_Your objective_
Output every line below exactly, please, omitting pictures.

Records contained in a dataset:
- - -

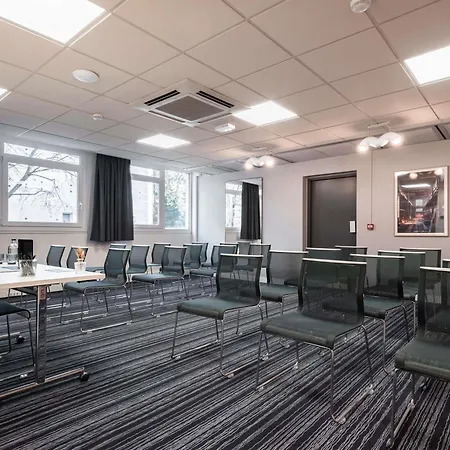 Ibis Styles Lyon Parc De La Tête D'or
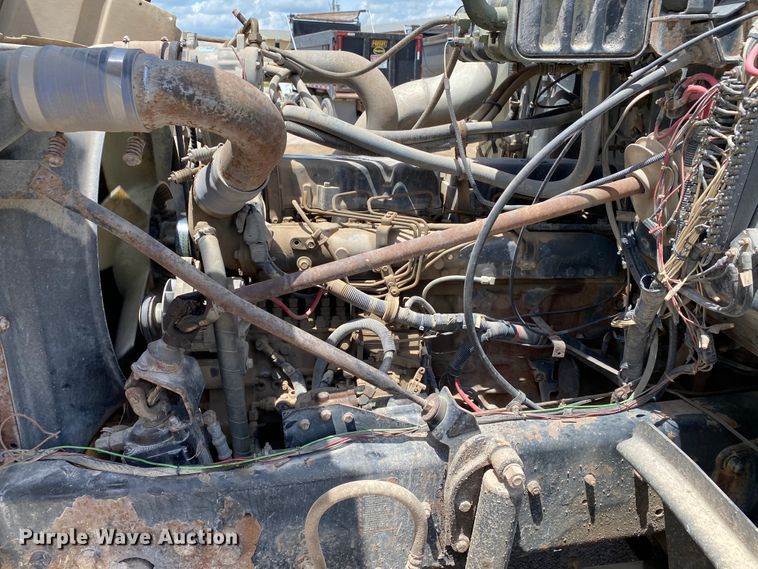 image for item HG9134 1998 Mack RD694P  dump truck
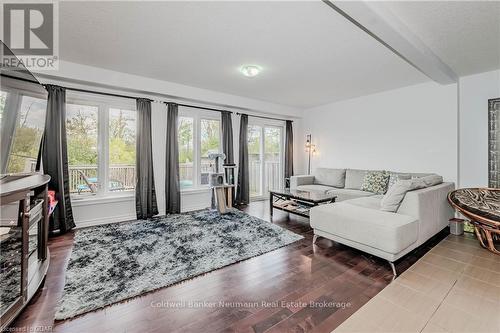 100 Mussen Street, Guelph (Brant), ON - Indoor Photo Showing Living Room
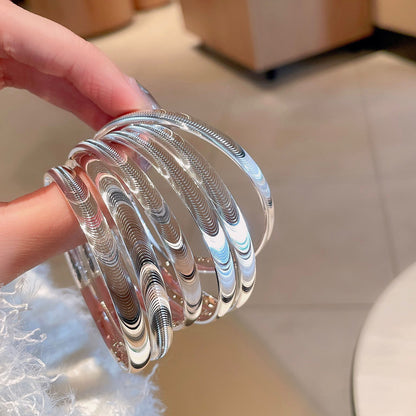 Polished Cat Eye Stone Bracelet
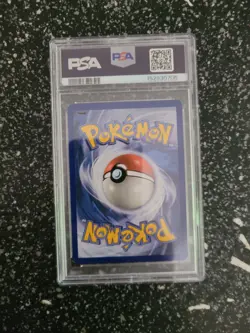 2019 POKEMON SM BLACK STAR PROMO #SM190 DETECTIVE PIKACHU-HOLO PSA 8 - Image 2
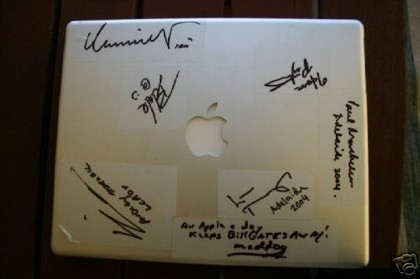 Se subasta un PowerBook con la firma de... Linus Torvalds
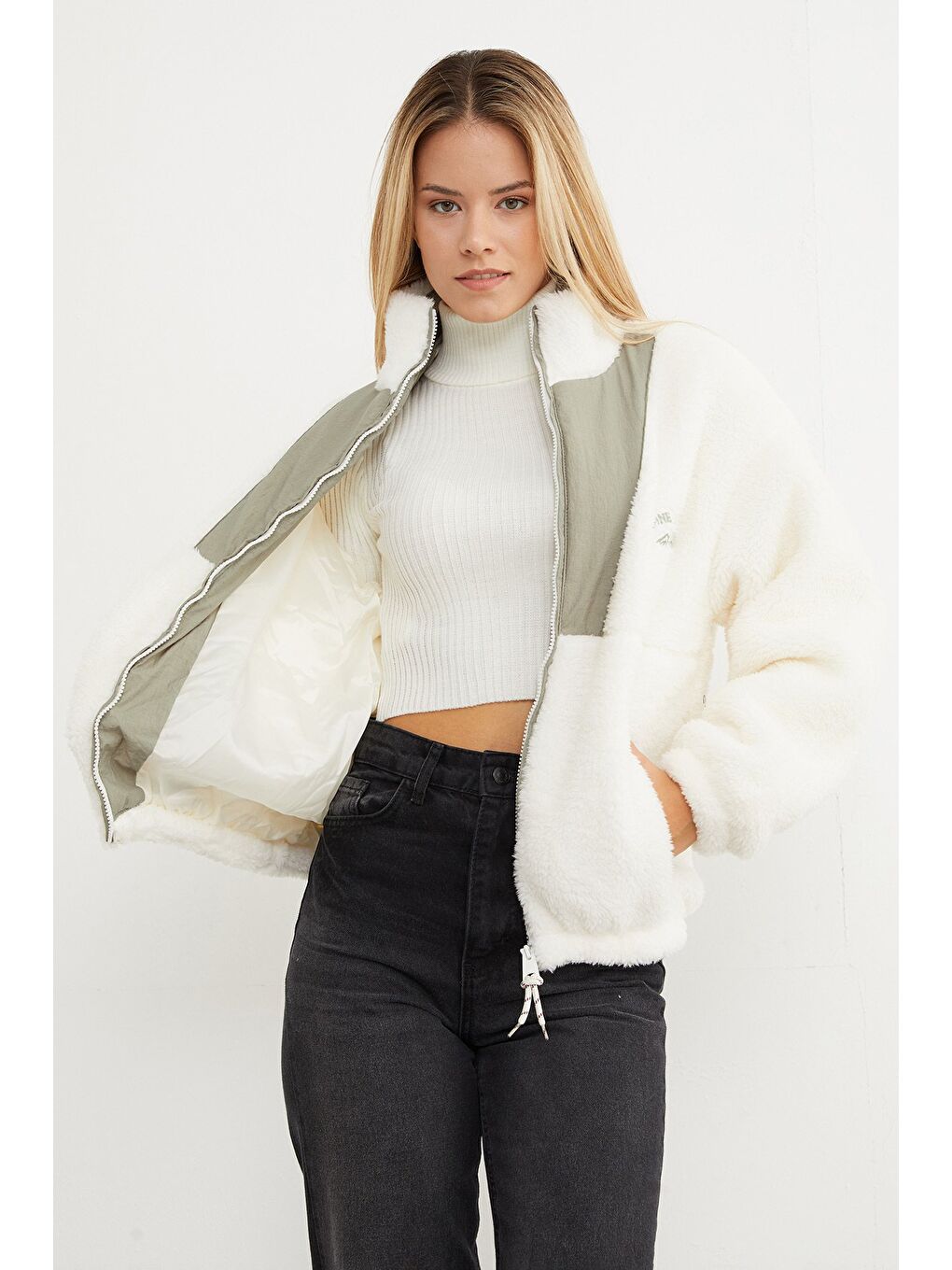 Haki Yazı Nakışlı Fleto Cepli Dik Yaka Pelüş Mont-2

- - -

_Solution to this task_
 Ibis Styles Lyon Parc De La Tête D'or
 image for item HG9134 1998 Mack RD694P  dump truck
 100 Mussen Street, Guelph (Brant), ON - Indoor Photo Showing Living Room
 Polished Cat Eye Stone Bracelet
 2019 POKEMON SM BLACK STAR PROMO #SM190 DETECTIVE PIKACHU-HOLO PSA 8 - Image 2
 Se subasta un PowerBook con la firma de... Linus Torvalds
 Haki Yazı Nakışlı Fleto Cepli Dik Yaka Pelüş Mont-2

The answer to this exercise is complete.